Des réflexions proches de celles déjà engagées par ailleurs relatives à l’institution d’un nouveau Tribunal international en charge des « crimes écologiques »…
Une initiative citoyenne européenne
Dans le prolongement du référendum organisé l’an dernier en Italie, qui a permis d’y stopper la libéralisation des services hydriques, la Fédération syndicale européenne des services publics (FSESP) annonçait pour sa part le 22 mars 2012, lors de la Journée mondiale de l’eau, le lancement de l’Initiative citoyenne européenne (ICE), « L’eau est un droit humain, pas une marchandise », et l’ouverture du site web www.right2water.eu, l’un des outils qui permettra de recueillir les signatures nécessaires au succès de l’opération (1).
Cette initiative a été présentée à la Commission européenne le 2 avril. La Commission dispose d’un délai de deux mois pour la valider. Ensuite, l’enregistrement officiel des signatures pourra démarrer et ses initiateurs disposeront d’un an pour collecter le million de signatures requises.

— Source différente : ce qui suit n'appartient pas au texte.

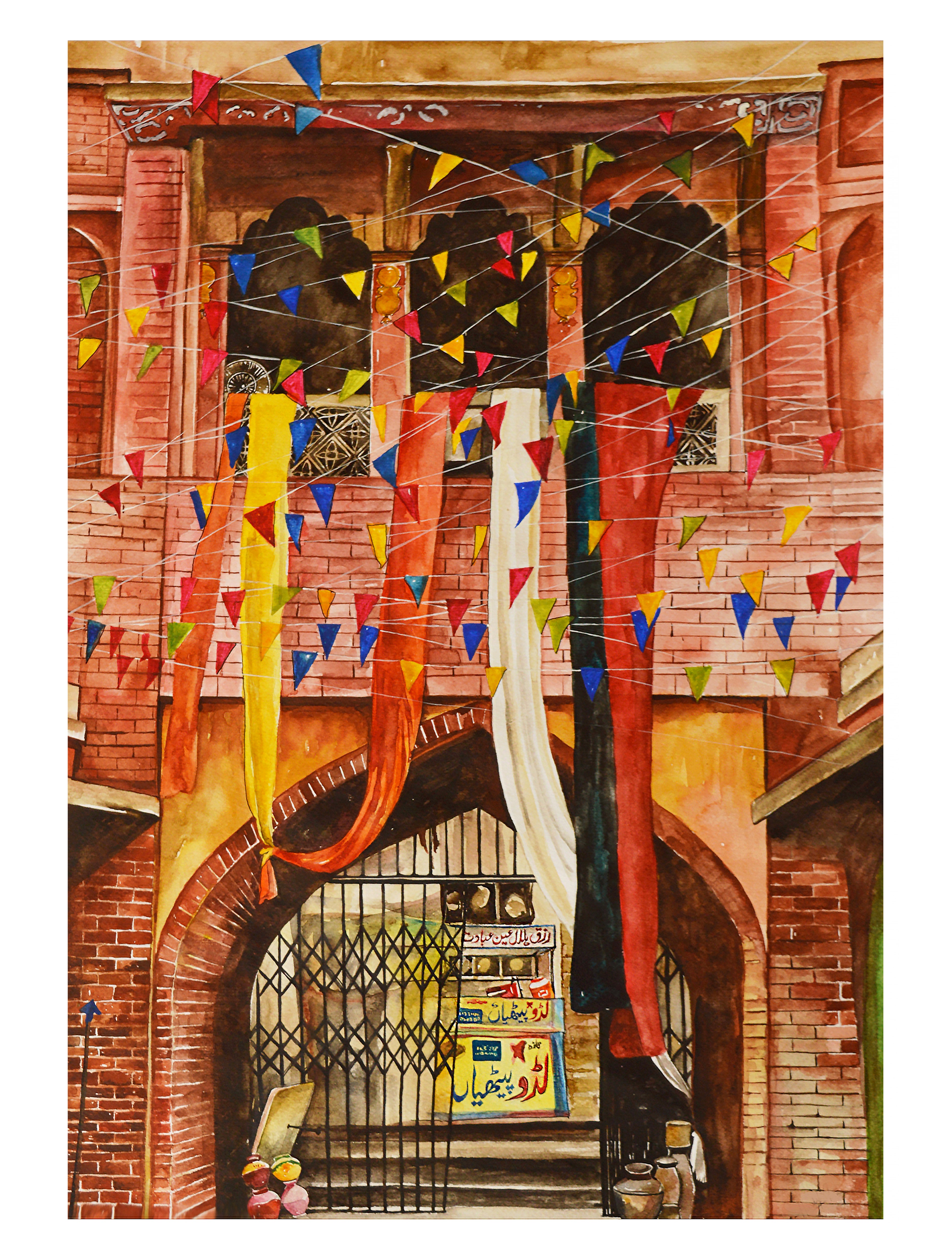 Wazir Khan Mosque - Art Print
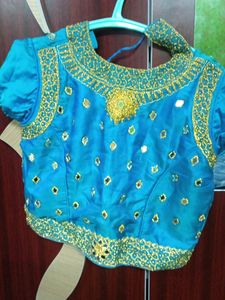 Multicolour Heavy Work Crop Top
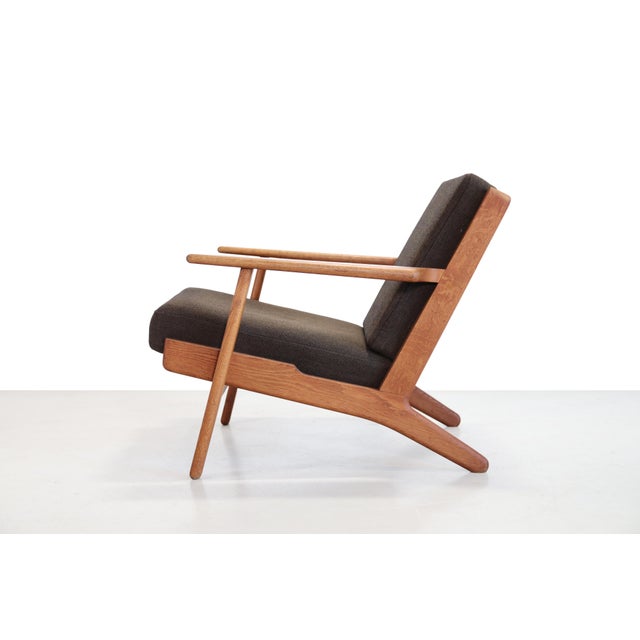 GE290 Lounge Chair in Oak by Hans Wegner for Getama, 1960s For Sale - Image 4 of 7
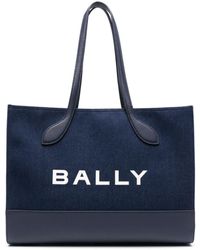 Bally - Keep On Twill Tote Bag - Lyst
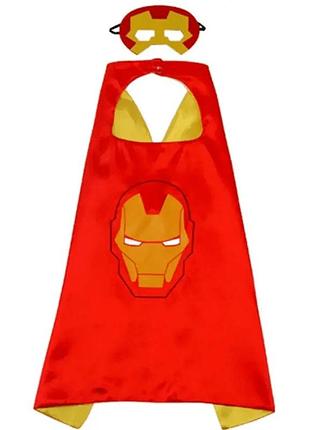 Накидка карнавальная детская с маской железный человек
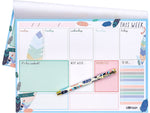 Carpe Diem Feathers 8.3" x 11.7" Weekly Planner, Multicolor, 6/Pack (9219-CD)
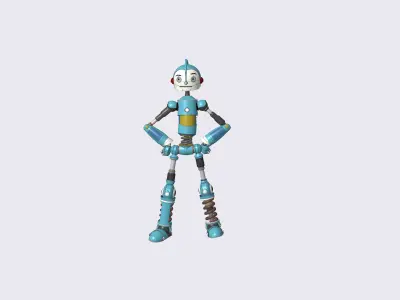 Robot Rodney Toys Free 3D model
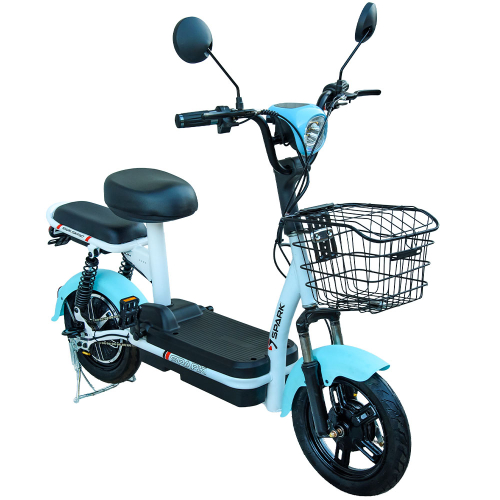 Велосипед с электромотором SPARK COMPACT 14" 48V/400W/12Ah Блакитний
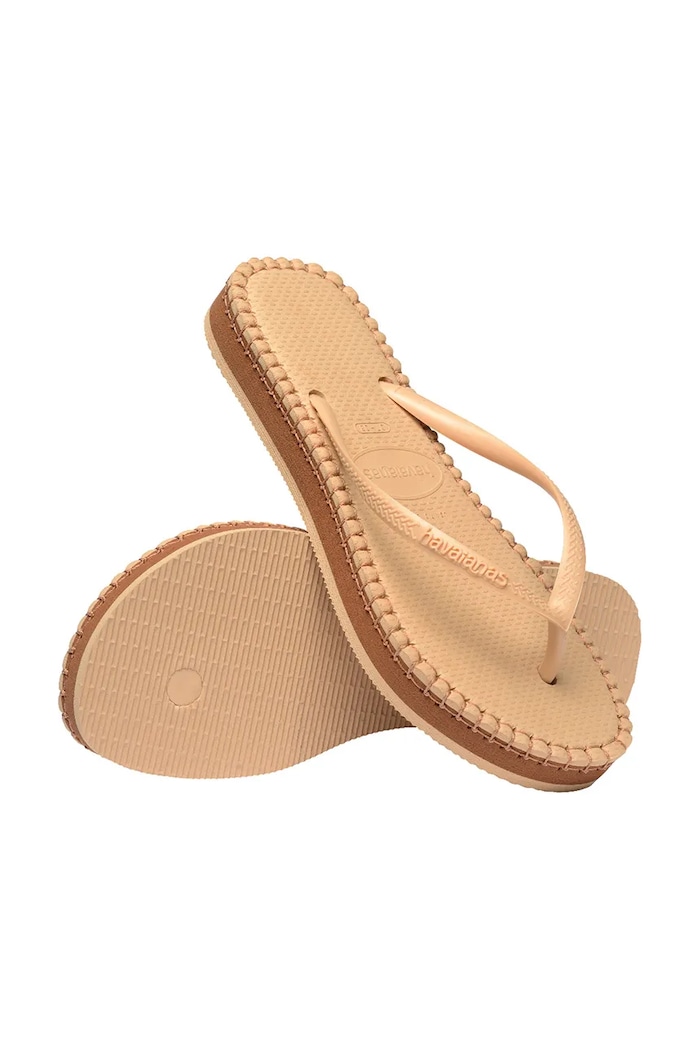 Σαγιονάρες Havaianas SLIM FLATFORM μπεζ 4149928.8858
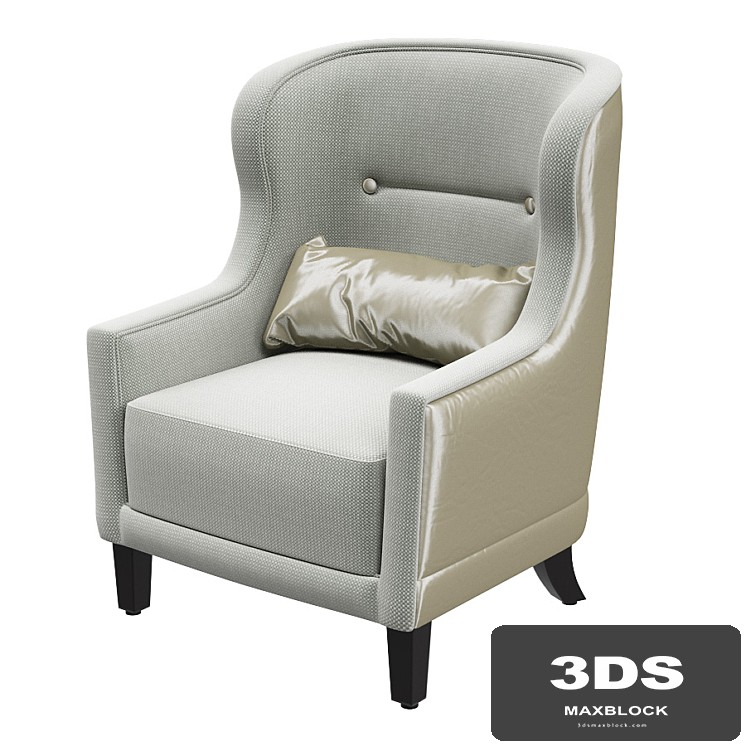 Classic chair with cushion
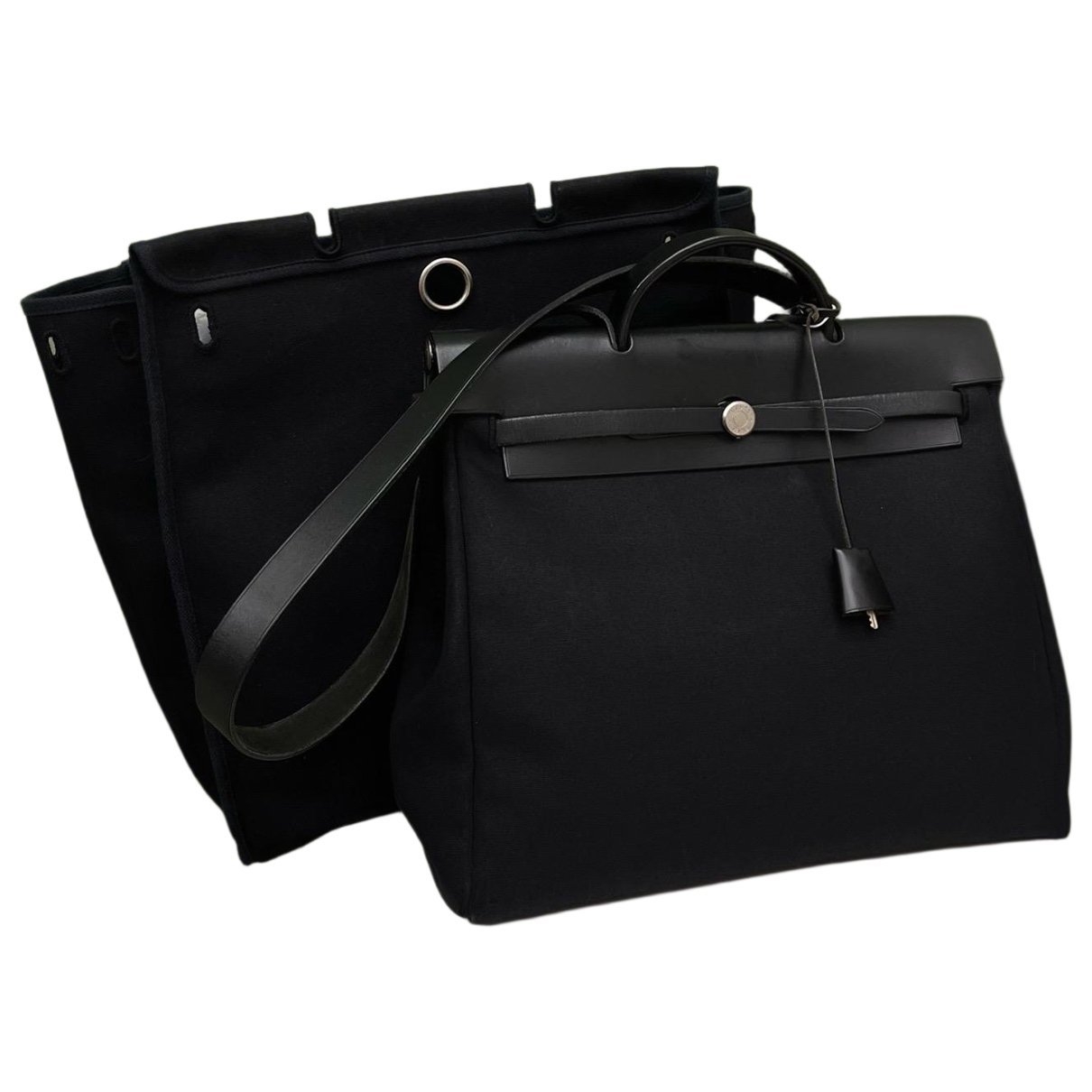 Hermes Herbag Handbag Black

Par ce biais, la FSESP et plusieurs organisations de la société civile à travers l’Europe vont faire campagne pour la reconnaissance de l’eau comme un droit fondamental dans l’Union.

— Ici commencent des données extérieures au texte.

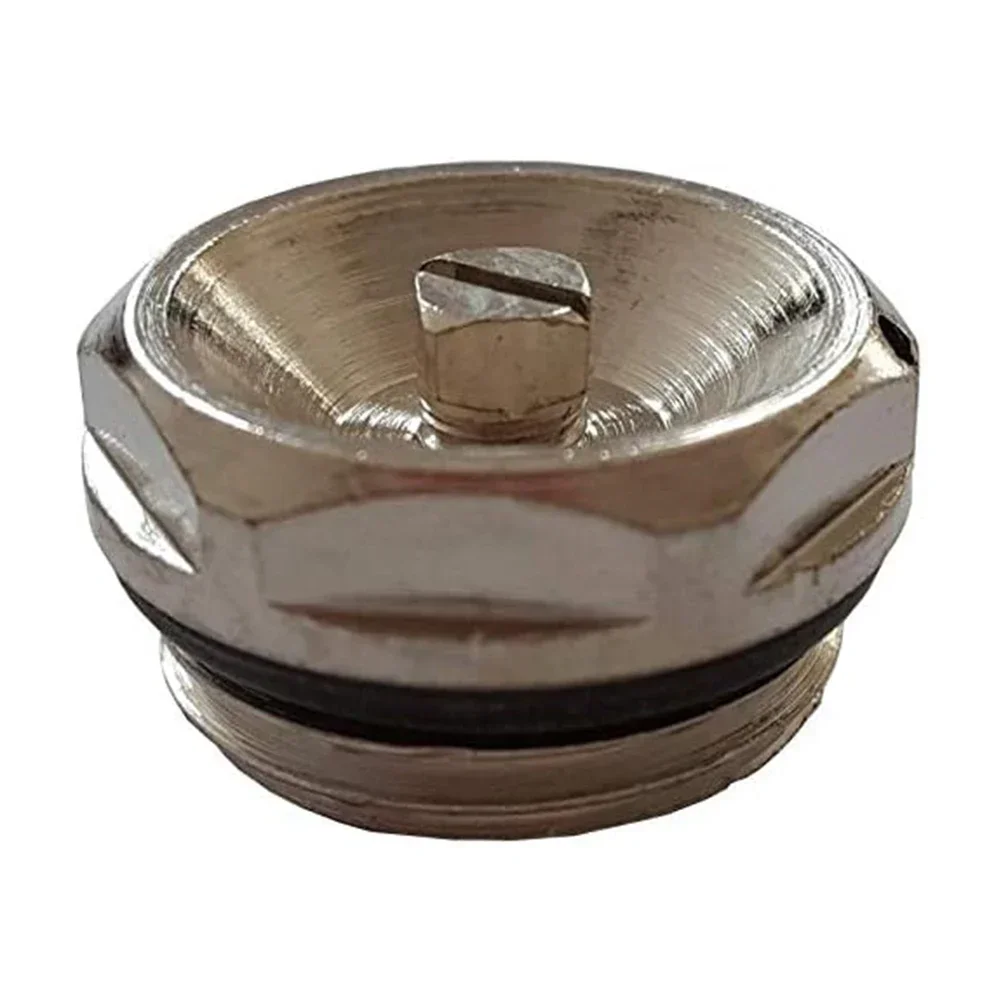 Nickel plated Brass Radiator Vent Plug 2PCS Manual Towel Radiator Vent Exhaust Stopcocks 12 for Efficient Venting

Pour Mme Carola Fischbach-Pyttel, secrétaire générale de la FSESP, « l’accès à l’eau est un droit humain. Les services publics comme l’eau et l’assainissement ne doivent pas être libéralisés et dominés par les intérêts commerciaux et d’entreprise. Une initiative citoyenne couronnée de succès exprimera à la Commission et aux gouvernements que les citoyens veulent une Europe sociale et rejettent une Europe dominée par les entreprises ».